The OLPC program was launched by President Paul Kagame on Wednesday with a vision of empowering Rwandan children to acquire ICT skills at a young age.
“There is a huge technological gap in the teaching and learning environments between our schools and those in the rest of the world…this situation marginalizes our future generations.”
“It is recommended that the program of ‘One Laptop Per Child’ currently under implementation in Rwandan schools be adopted as a regional project with immediate effect,” reads one of the recommendations from the three-day seminar.
The parliamentarians tasked the Chairperson of the Council of Ministers, who is also Rwanda’s Minister for the EAC, Monique Mukaruliza, to take up the matter to the Summit.
Nanyuki IV brought together members of the East African Legislative Assembly (EALA) with parliamentarians from all the National Assemblies of partner states.
The MPs also proposed that all Ministers for the EAC Affairs be permanently stationed at the Tanzanian city of Arusha, which is also the seat for the bloc’s secretariat and the EALA, in order to boost the political support of EALA by the Secretariat.

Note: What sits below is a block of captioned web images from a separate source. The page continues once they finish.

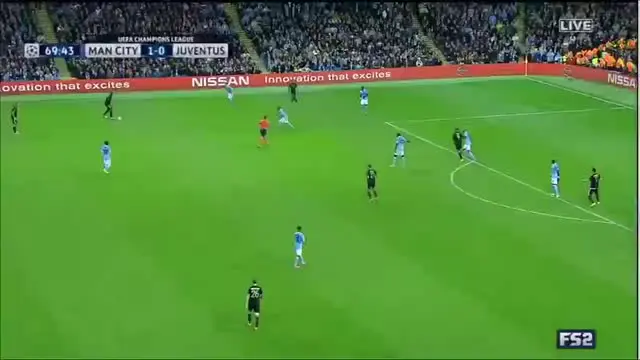 Kombinasi kerjasama Paul Pogba dengan Mario Mandzukic menjadi senjata Juventus dalam mencetak gol ke gawang Manchester City di Liga Champions pada Selasa (16/9/2015).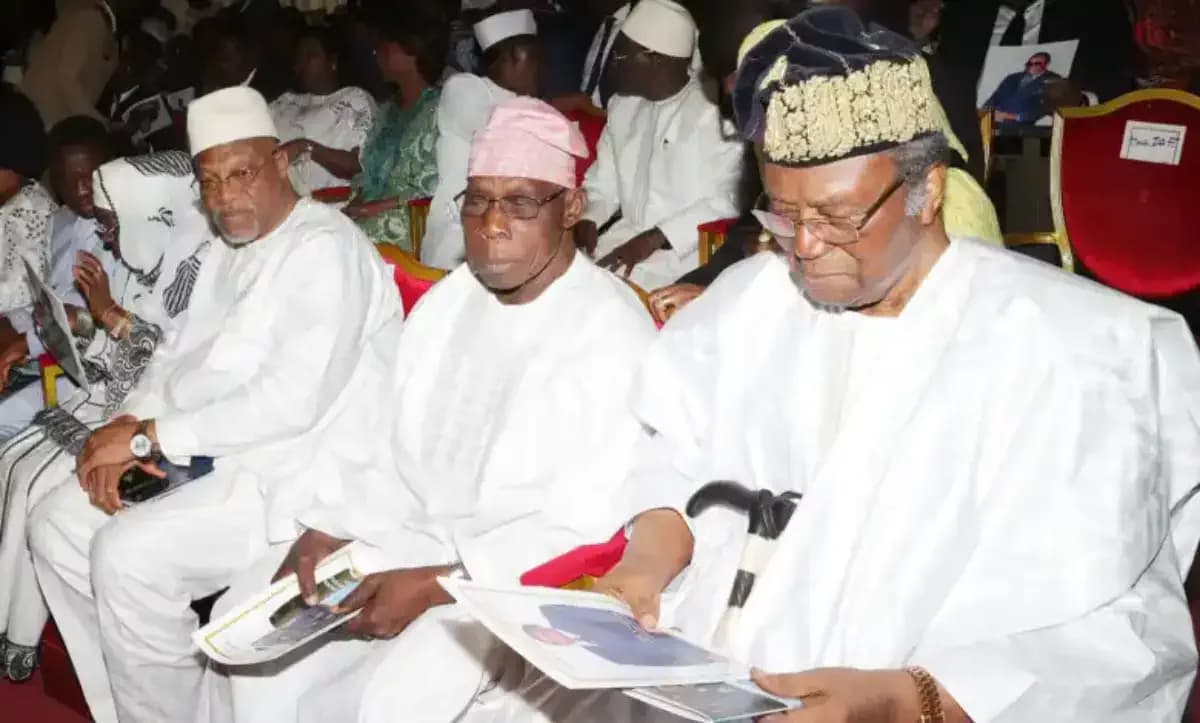 Togo: Obasanjo et Soglo à Kara pour le 19e anniversaire du décès d’Eyadéma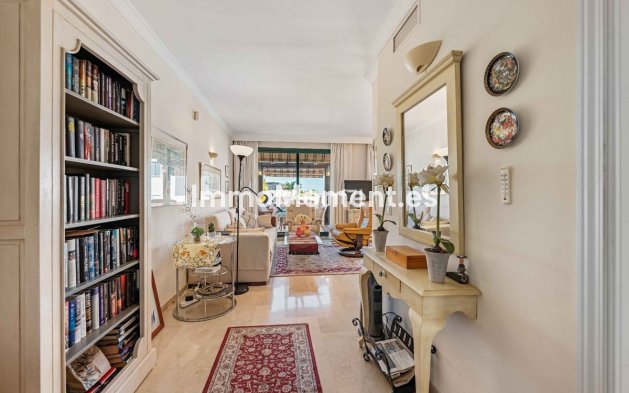 Reventa - Apartamento - Marbella - Elviria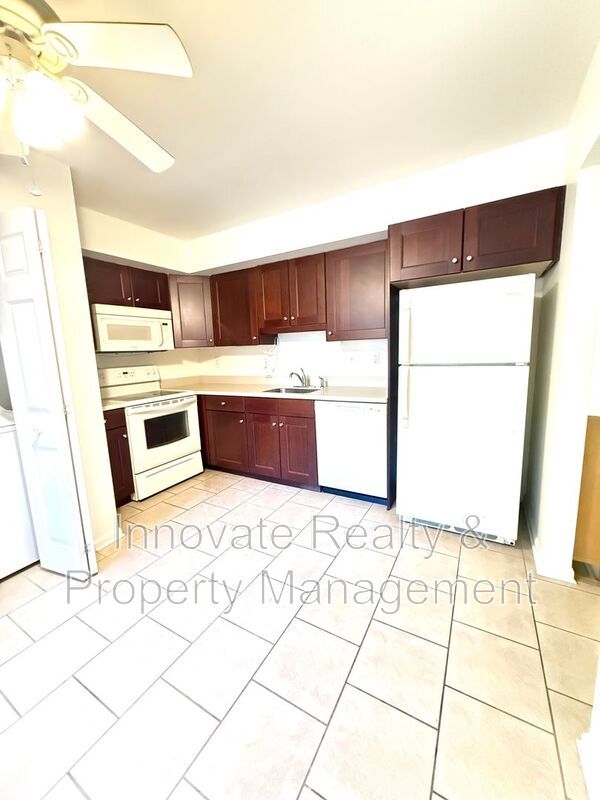 304 Brookwood 3 Bedroom 2 1/2 Bath in Ambler PA property image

This, however, received mixed feelings from some of the participants where some said that the issue be further scrutinized before recommending it for implementation.
“I propose that we look clearly into this issue before implementation because there might be some implications both political and economic from some of the partner States,” interjected Prosper Higiro, the Vice President of the Rwandan Senate.
During this seminar, Rwanda was represented by Senators as currently the newly elected members of Parliament are yet to be sworn-in.
The seminar also concluded that there had been inadequate consultation of the EALA and National Assemblies in the ongoing negotiations on the Common Market.
“The secretariat should therefore avail the Common Market Draft Protocol to National Assemblies and EALA and these consultations should be done by December 15,” reads the recommendation.
Other matters that arose during the seminar included the Economic Partnership Agreements (EPAs) between the EAC and the European Union, which they said was a raw deal that was poorly negotiated.
They called for all stakeholders to engage EPA negotiators by registering their respective concerns before the final signatures are appended to the agreements.
The seminar marked the end of the EALA which have taking place been in Rwanda for almost a month. During their stay, they, the EAC legislators also observed the recent parliamentary elections.